May 7, 2019 | Katherine Adams
Kristy Peet, a professor of visual arts at College of the Mainland in Texas City, said she frequently submits her works to art exhibitions because she believes that being a practicing artist is essential for teaching art. That’s why she submitted her work to the Community College Faculty Arts Show at University of Houston-Clear Lake’s Art Gallery, opening May 23.
“I teach photography and I generally do large-format film photography in a studio,” she said. “I’m interested in interpersonal psychology, and the series that I usually work on are based on some sort of psychology, like what it’s like to be an introvert or relationship dynamics.”
Peet’s current project centers on people and the objects that they choose to live with. “I ask each participant to choose objects that are important to them. I put the objects together based on the common characteristics of the owner,” she said. “The idea is to highlight the fact that people have more in common than they might think. I’m interested in playing with the stereotypes people might hold.”
She said she takes photos only of the objects themselves on a table surface, against a blank wall. The owner of the object is not included.
Peet submitted five pieces to the exhibition and said one of her favorites is called “Objects that belong to a 4-year-old and a 65-year-old that live in Space City” because UH-Clear Lake is so close to NASA. “One is a toy rocket ship next to a scale model of the lunar landing module made by NASA,” Peet said.
Another piece is five images in a row, all owned by artists who consider themselves realists. “When I go to people’s houses, I ask them to fill out a questionnaire,” she said. “One of the questions is, ‘Are you a realist or a dreamer?’ The objects in this piece are a fancy candelabra, a telephone from the 1970s, a stack of Fiestaware bowls, a little ceramic vase and a sculpture made of beads.” The title of this piece is aptly named “Objects Owned by Artists who Consider Themselves Realists.”

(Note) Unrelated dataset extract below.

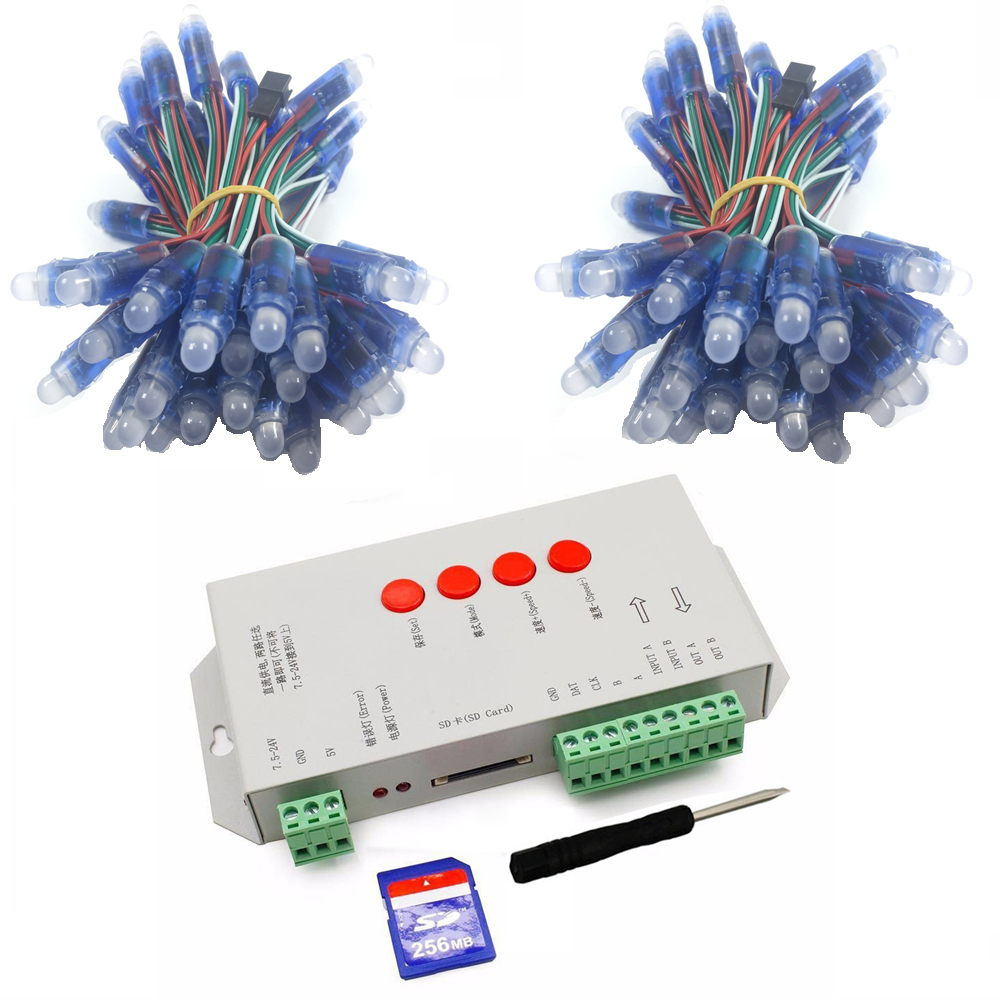 100 st  dc5v ws2811 pixlar digitala adresserbara led strängljus 12mm med spi  t1000s led pixel controller sd-kort rgb controller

One of her more personal submissions, Peet said, shows three objects that are special to her family. “This grid shows a very old typewriter, a soup serving bowl in the shape of a cabbage, and a two-tiered tea sandwich tray,” she said. “This one is titled, ‘Objects Formerly Owned by my Deceased Grandparents and Currently Owned by my Mom and her Siblings.’ The fun part is finding ways in which these random objects connect.”

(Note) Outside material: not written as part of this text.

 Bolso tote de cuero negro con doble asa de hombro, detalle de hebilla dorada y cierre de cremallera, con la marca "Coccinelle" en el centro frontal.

Peet said the idea for these projects evolved over time. “I bought a house about three years ago, which was a big life step. I wanted to make a body of work about that,” she said. “Initially, I focused a lot on the space of the house itself. One of the things I liked about it was the pink bathroom tile—it looks very dated but I really liked it. I wanted the house to be the most important element in the series, but as I worked on it there were fewer houses that had architectural details that people were into, but everyone had objects they thought were important.”
This, she said, is why she changed her focus from photographing spaces to objects.“I believe you can’t stay current in the art world unless you’re getting feedback and having your work in exhibitions,” she said.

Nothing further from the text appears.